▸ **PROBLEM REQUIREMENTS**
Please set down, unchanged, each line from the one with "This is the" to the final line of the data below, both included. Drop the pictures.

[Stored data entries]

........

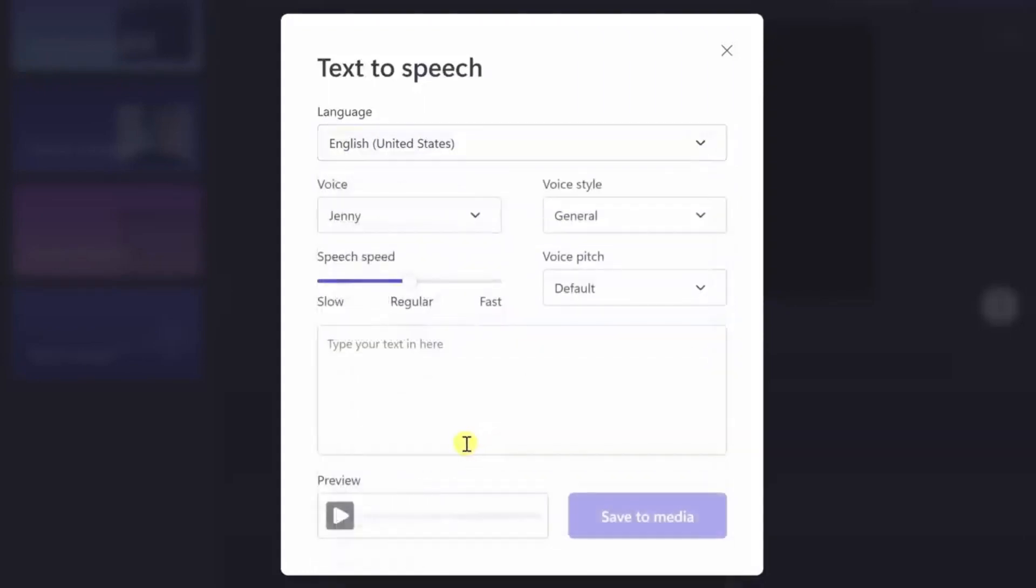One of the fun things to try with ClipChamp is selecting a different language and having it read English. This feature adds a unique accent to the voice, which can be a great way to add a touch of creativity to your content.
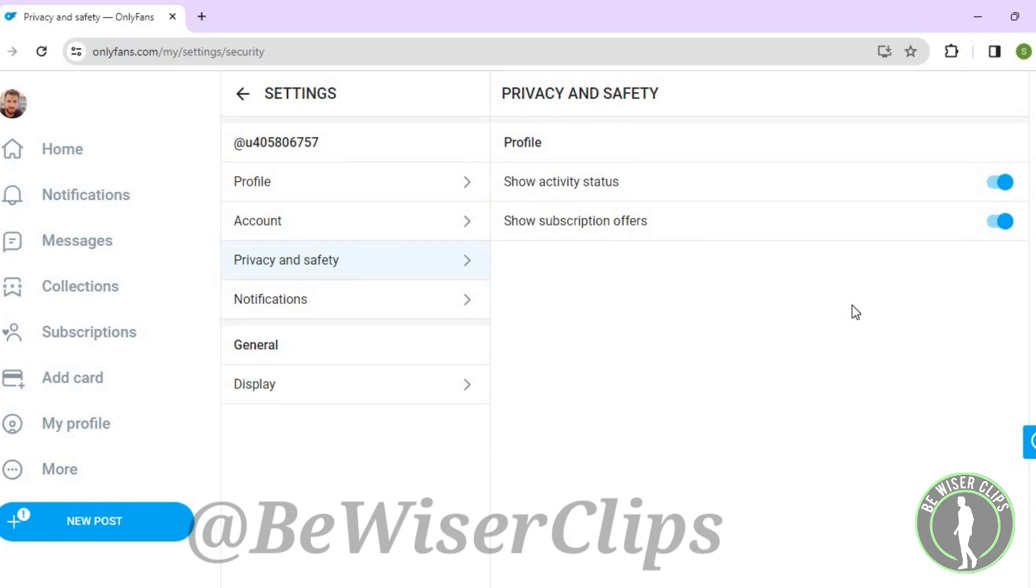That's how you can successfully turn on show subscription offers on OnlyFans. That's it for the video.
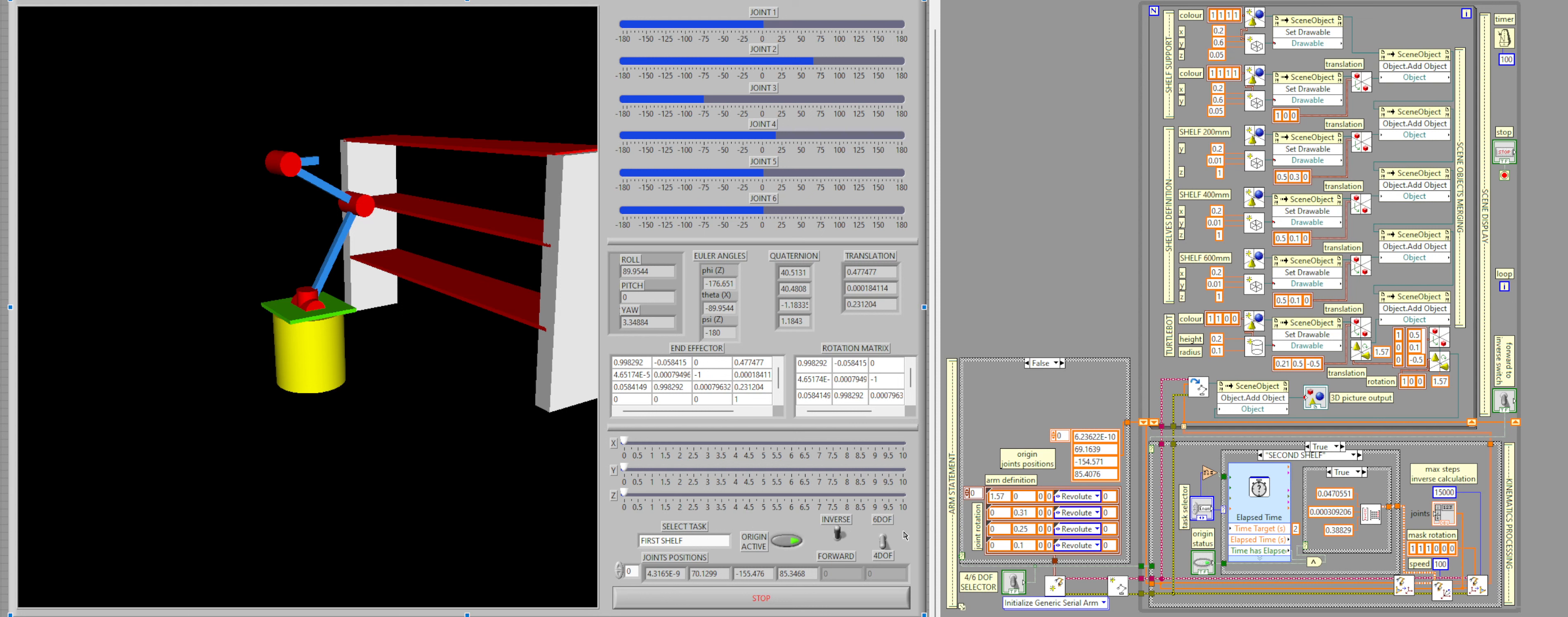So in order to do that, the user needs to stop the code, simply flip the switch from four to six degrees of movement. Let's keep it on inverse kinematics with the origin active. And let's go back to the robot base. So now if I start the code, the robot arm will be at its origin, as can be seen here. And now it has six joints.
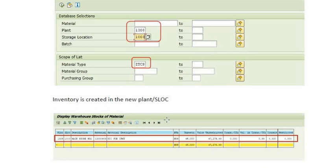This is the second way of transferring material from one plant to another. The first method uses MIGO transfer posting with movement type 301 — you need the transfer posting role approved by a competent authority, otherwise the role can be misused. The second method is intra-company inter-plant transfer via purchase order.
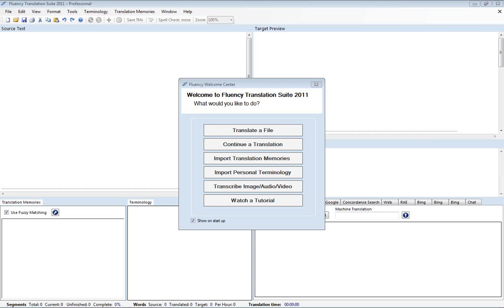Hello and welcome to this introductory tutorial for Fluency. We're going to start from the ground up and demonstrate how to use Fluency to translate a simple Word document. And we'll start from the basics and work up from there.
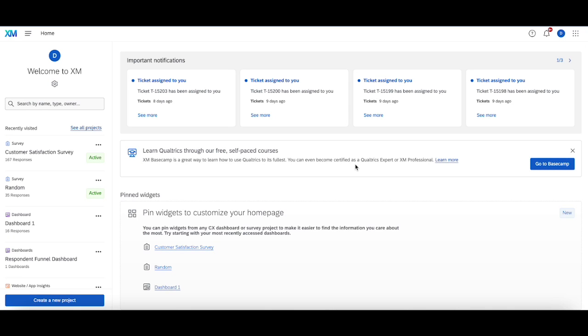Hello, welcome back. Today we're going to go over how you can go about adding embedded data to responses after they've already been recorded.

........

▸ **RESULT**
This is the second way of transferring material from one plant to another. The first method uses MIGO transfer posting with movement type 301 — you need the transfer posting role approved by a competent authority, otherwise the role can be misused. The second method is intra-company inter-plant transfer via purchase order.
Hello and welcome to this introductory tutorial for Fluency. We're going to start from the ground up and demonstrate how to use Fluency to translate a simple Word document. And we'll start from the basics and work up from there.
Hello, welcome back. Today we're going to go over how you can go about adding embedded data to responses after they've already been recorded.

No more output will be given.